Ad buyers’ use jingles in radio and television commercials; they can also be used in non-advertising contexts to establish or maintain a brand image.
A jingle is a short tune used in advertising and for other commercial uses. The jingles contains one or more hooks and lyrics that explicitly promote the product being advertised, usually through the use of one or more advertising slogans. Ad buyers use jingles in radio and television commercials; they can also be used in non-advertising contexts to establish or maintain a brand image. For example, a disk jockey at a pop music radio station or chain of stations may sing a jingle for station identification purposes. Jingles are a form of sound branding. The jingle had no definitive debut: its infiltration of the radio ads was more of an evolutionary process than a sudden innovation. Product advertisements with a musical tilt can be traced back to 1923, around the same time commercial radio began in the United States. If one entity has the best claim to the first jingle it is General Mills, who aired the world’s first singing commercial. The seminal radio bite, entitled \"Have You Tried Wheaties?\", was first sung over the air on Christmas Eve of 1926 in the Minneapolis-St. Paul radio market.

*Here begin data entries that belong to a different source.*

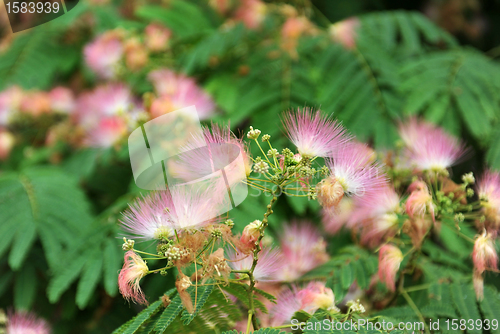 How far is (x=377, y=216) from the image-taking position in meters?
1.39

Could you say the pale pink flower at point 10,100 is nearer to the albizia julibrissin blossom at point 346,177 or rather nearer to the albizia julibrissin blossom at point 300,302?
the albizia julibrissin blossom at point 300,302

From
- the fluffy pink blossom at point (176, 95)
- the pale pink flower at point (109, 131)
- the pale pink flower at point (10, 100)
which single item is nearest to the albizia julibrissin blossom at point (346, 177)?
the fluffy pink blossom at point (176, 95)

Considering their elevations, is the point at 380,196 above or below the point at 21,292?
above

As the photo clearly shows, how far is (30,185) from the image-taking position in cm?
219

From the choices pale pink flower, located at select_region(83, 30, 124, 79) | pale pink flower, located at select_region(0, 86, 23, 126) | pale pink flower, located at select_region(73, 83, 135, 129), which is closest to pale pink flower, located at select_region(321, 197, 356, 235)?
pale pink flower, located at select_region(73, 83, 135, 129)

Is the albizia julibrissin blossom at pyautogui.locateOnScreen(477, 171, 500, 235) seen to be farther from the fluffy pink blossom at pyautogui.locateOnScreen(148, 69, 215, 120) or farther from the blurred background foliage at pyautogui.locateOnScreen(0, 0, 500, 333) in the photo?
the fluffy pink blossom at pyautogui.locateOnScreen(148, 69, 215, 120)

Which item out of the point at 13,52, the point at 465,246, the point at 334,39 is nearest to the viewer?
the point at 465,246

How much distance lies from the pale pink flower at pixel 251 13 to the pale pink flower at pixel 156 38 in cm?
52

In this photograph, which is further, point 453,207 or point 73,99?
point 73,99

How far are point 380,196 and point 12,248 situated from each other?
5.35 ft

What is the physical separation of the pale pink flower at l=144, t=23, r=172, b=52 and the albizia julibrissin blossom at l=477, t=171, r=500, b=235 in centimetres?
206

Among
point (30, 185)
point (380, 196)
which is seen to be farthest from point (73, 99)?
point (380, 196)

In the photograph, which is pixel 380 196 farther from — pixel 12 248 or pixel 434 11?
pixel 434 11

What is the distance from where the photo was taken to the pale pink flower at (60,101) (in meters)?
2.99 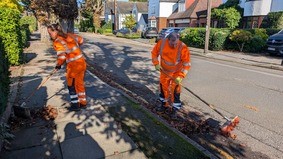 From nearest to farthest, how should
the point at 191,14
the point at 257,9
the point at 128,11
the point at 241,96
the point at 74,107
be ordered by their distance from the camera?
1. the point at 74,107
2. the point at 241,96
3. the point at 257,9
4. the point at 191,14
5. the point at 128,11

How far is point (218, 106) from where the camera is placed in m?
6.00

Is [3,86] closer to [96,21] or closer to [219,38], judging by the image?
[219,38]

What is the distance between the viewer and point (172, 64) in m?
5.04

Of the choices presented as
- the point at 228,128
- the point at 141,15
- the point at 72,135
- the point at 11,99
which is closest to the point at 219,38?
the point at 228,128

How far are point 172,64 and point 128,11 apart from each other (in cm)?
6322

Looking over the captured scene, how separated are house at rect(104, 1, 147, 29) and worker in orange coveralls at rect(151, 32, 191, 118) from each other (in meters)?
48.2

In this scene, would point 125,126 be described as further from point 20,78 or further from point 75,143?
point 20,78

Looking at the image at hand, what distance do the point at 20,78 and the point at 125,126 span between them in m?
5.03

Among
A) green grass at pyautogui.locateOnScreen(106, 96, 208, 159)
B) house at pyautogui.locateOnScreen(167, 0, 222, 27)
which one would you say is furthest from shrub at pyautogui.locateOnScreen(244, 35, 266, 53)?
house at pyautogui.locateOnScreen(167, 0, 222, 27)

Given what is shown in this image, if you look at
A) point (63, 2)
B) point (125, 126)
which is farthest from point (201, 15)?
point (125, 126)

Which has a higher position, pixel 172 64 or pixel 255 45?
pixel 172 64

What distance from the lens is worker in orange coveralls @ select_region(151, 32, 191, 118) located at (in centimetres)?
491

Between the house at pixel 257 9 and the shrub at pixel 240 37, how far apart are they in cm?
903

The Wheaties advertisement, with its lyrical hooks, was seen by its owners as extremely successful. According to one account, General Mills had seriously planned to end production of Wheaties in 1929 on the basis of poor sales. Soon after the song \"Have you tried Wheaties?\" aired in Minnesota, however, of the 53,000 cases of Wheaties breakfast cereal sold, 30,000 were sold in the Twin Cities market. After advertising manager Sam Gale pointed out that this was the only location where “Have You Tried Wheaties?” was being aired at the time, the success of the jingle was accepted by the company. Encouraged by the results of this new method of advertising, General Mills changed its brand strategy. Instead of dropping the cereal, it purchased nationwide commercial time for the advertisement.